GOAL OF THE EXERCISE:
The output consists only of the lines from the one with "Heavy Duty Orange" through the end of the records, each printed exactly, and contains no pictures.

-.-.-

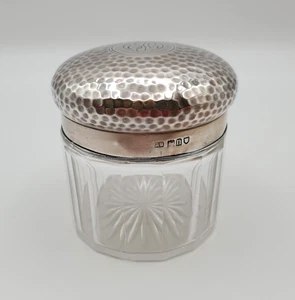 Antiguo tocador de vidrio cortado de plata esterlina ALBERT BARKER "EJC" - Imagen 1 de 24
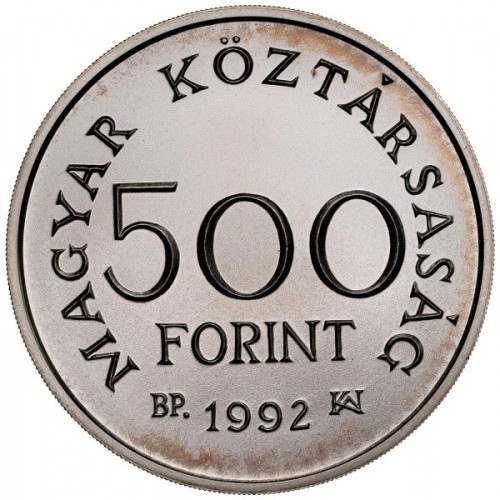 Węgry 500 forintów 650 rocznica śmierci Karola 28g Ag.900 1992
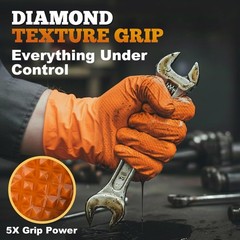 Heavy Duty Orange Industrial Nitrile Gloves with Raised Diamond Texture, Late…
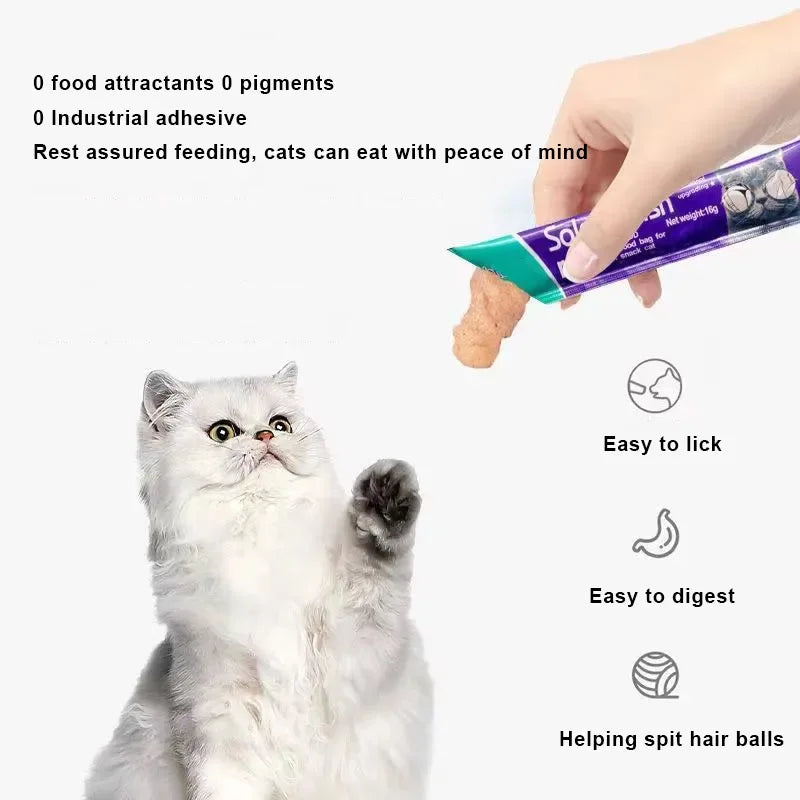 Cat Liquid Snack Strips – 30 Strips in 5 Flavors (Abalone, Salmon, Cod, Tuna & Chicken)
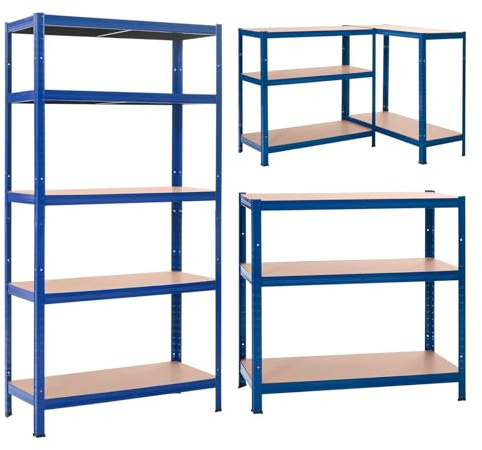 M.J COMFY-LIFE 180 x 90 x 40cm 5-Tier Heavy-Duty Shelving Units, Steel Shelving Units for Storage, Boltless Assembly, Load Capacity 875 kg (Blue)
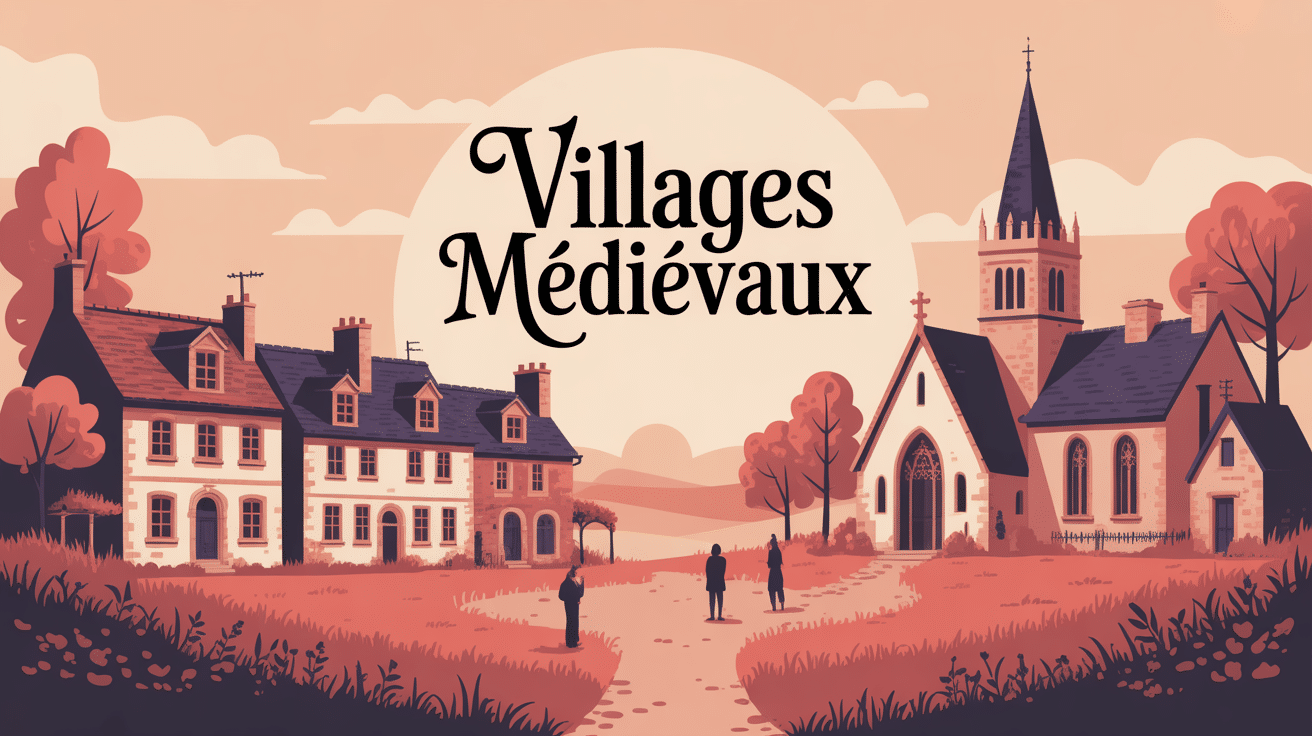 Illustration chaleureuse d'un village médiéval authentique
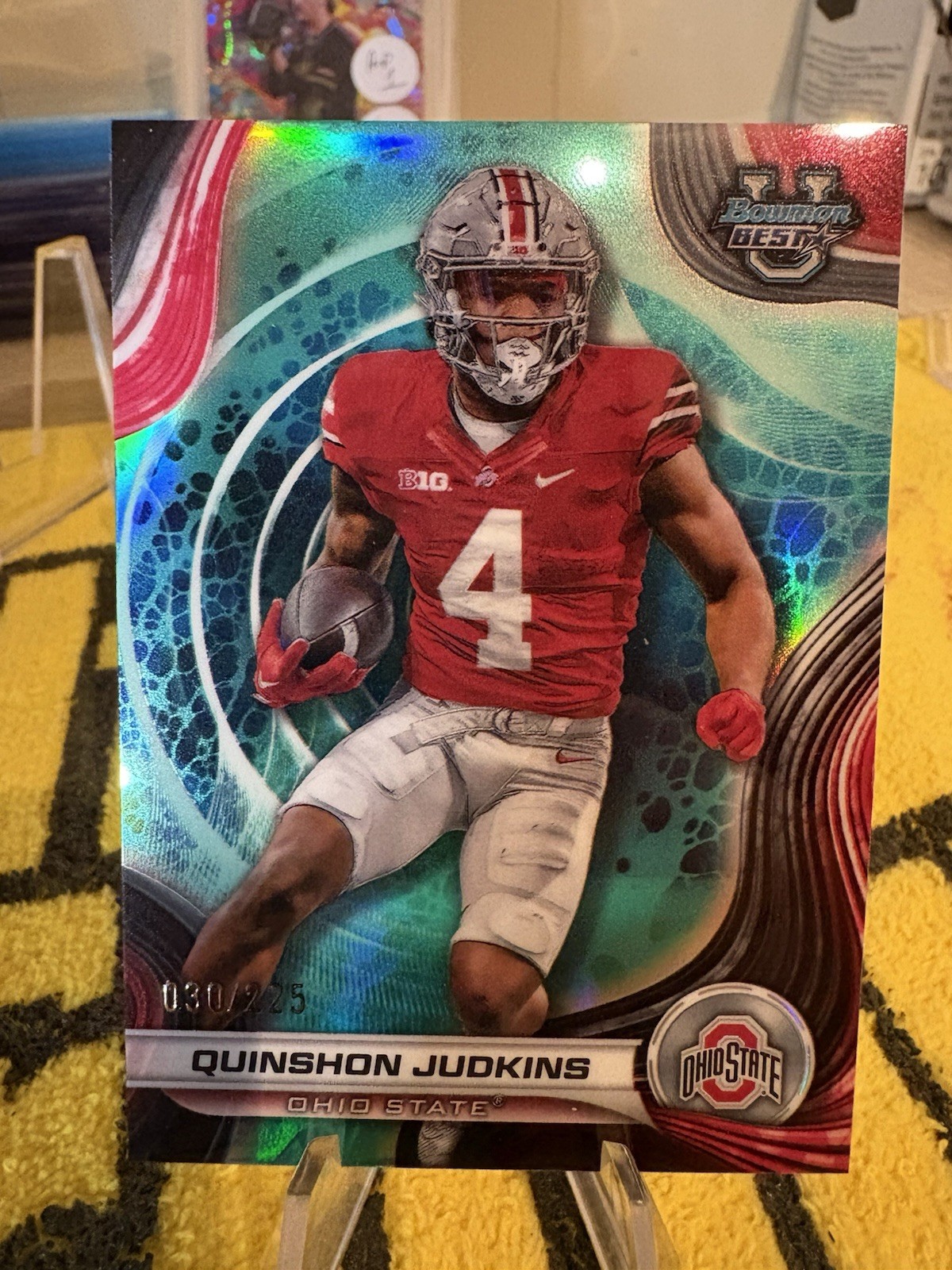 2024 Bowman's Best University - Quinshon Judkins #74 Aqua Refractor /225 (RC)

-.-.-

ANSWER TO THE EXERCISE:
 Heavy Duty Orange Industrial Nitrile Gloves with Raised Diamond Texture, Late…
 Cat Liquid Snack Strips – 30 Strips in 5 Flavors (Abalone, Salmon, Cod, Tuna & Chicken)
 M.J COMFY-LIFE 180 x 90 x 40cm 5-Tier Heavy-Duty Shelving Units, Steel Shelving Units for Storage, Boltless Assembly, Load Capacity 875 kg (Blue)
 Illustration chaleureuse d'un village médiéval authentique
 2024 Bowman's Best University - Quinshon Judkins #74 Aqua Refractor /225 (RC)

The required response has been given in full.